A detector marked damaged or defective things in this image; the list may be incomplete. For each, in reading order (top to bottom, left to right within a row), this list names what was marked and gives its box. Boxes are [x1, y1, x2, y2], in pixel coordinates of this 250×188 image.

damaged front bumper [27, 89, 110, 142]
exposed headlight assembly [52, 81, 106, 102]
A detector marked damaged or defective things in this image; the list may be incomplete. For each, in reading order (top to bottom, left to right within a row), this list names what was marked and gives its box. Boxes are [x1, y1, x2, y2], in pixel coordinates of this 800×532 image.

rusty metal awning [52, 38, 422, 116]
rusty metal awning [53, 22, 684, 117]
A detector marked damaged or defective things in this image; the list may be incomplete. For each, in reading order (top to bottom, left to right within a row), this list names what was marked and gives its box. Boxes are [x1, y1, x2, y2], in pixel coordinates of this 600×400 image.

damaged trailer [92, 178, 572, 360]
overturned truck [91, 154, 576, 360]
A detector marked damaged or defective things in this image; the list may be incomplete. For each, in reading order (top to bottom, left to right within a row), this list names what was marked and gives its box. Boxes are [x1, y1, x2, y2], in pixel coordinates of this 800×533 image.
---
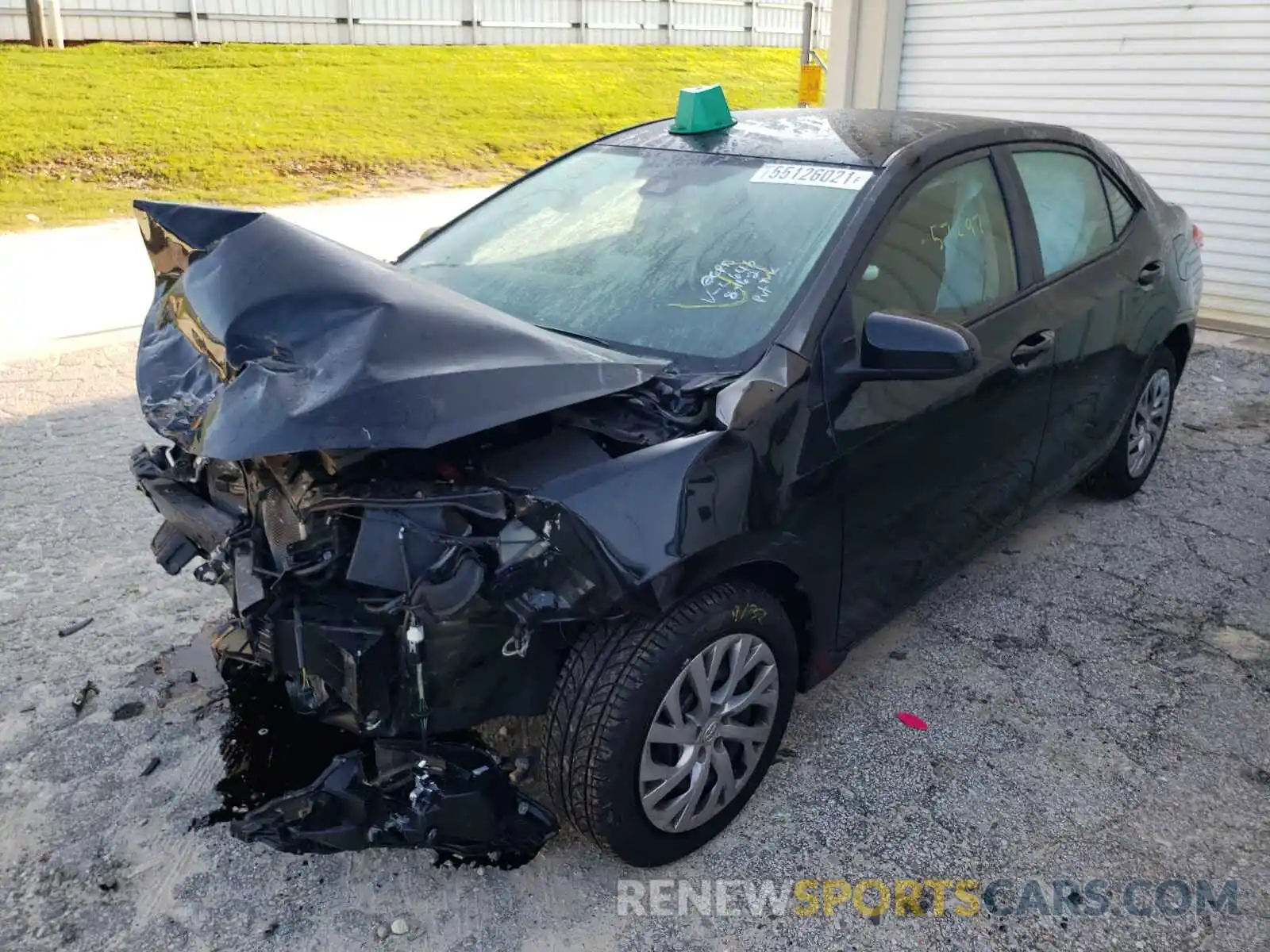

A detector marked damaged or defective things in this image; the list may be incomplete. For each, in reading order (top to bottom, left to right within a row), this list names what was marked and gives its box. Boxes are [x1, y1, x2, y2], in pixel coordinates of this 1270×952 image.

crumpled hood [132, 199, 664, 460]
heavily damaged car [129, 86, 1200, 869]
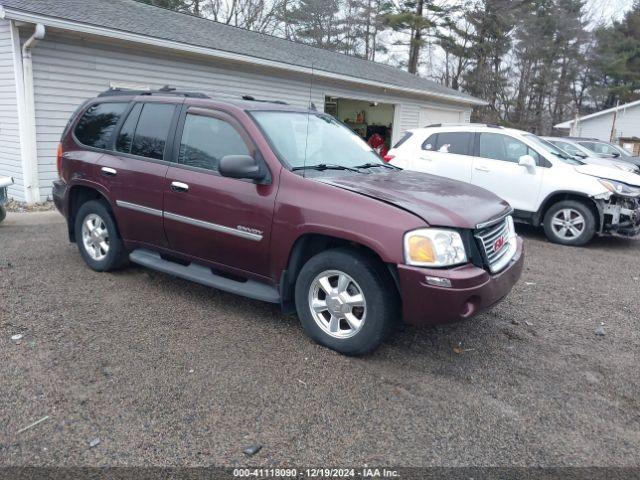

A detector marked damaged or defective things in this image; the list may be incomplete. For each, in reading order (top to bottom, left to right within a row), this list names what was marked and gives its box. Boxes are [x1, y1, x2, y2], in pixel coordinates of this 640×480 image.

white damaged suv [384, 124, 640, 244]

Task prompt -
Copy the records above exactly, beginning at the line that contains "this 250×188 image." and stopping after the line that contains "this 800×533 image.".

Response -
A detector marked damaged or defective things in this image; the list may be incomplete. For each, in reading order (top to bottom, left to right within a row), this list names what was marked and gives its box. Boxes are [x1, y1, x2, y2], in pixel coordinates of this 250×188 image.

damaged front bumper [27, 89, 110, 142]
exposed headlight assembly [52, 81, 106, 102]
A detector marked damaged or defective things in this image; the list may be incomplete. For each, in reading order (top to bottom, left to right within a row), this list names what was marked and gives its box. Boxes are [x1, y1, x2, y2], in pixel coordinates of this 800×532 image.

rusty metal awning [52, 38, 422, 116]
rusty metal awning [53, 22, 684, 117]
A detector marked damaged or defective things in this image; the list may be incomplete. For each, in reading order (top to bottom, left to right within a row), this list names what was marked and gives its box. Boxes are [x1, y1, x2, y2], in pixel coordinates of this 600×400 image.

damaged trailer [92, 178, 572, 360]
overturned truck [91, 154, 576, 360]
A detector marked damaged or defective things in this image; the list may be incomplete. For each, in reading order (top to bottom, left to right within a row), this list names what was marked and gives its box. Boxes are [x1, y1, x2, y2], in pixel coordinates of this 800×533 image.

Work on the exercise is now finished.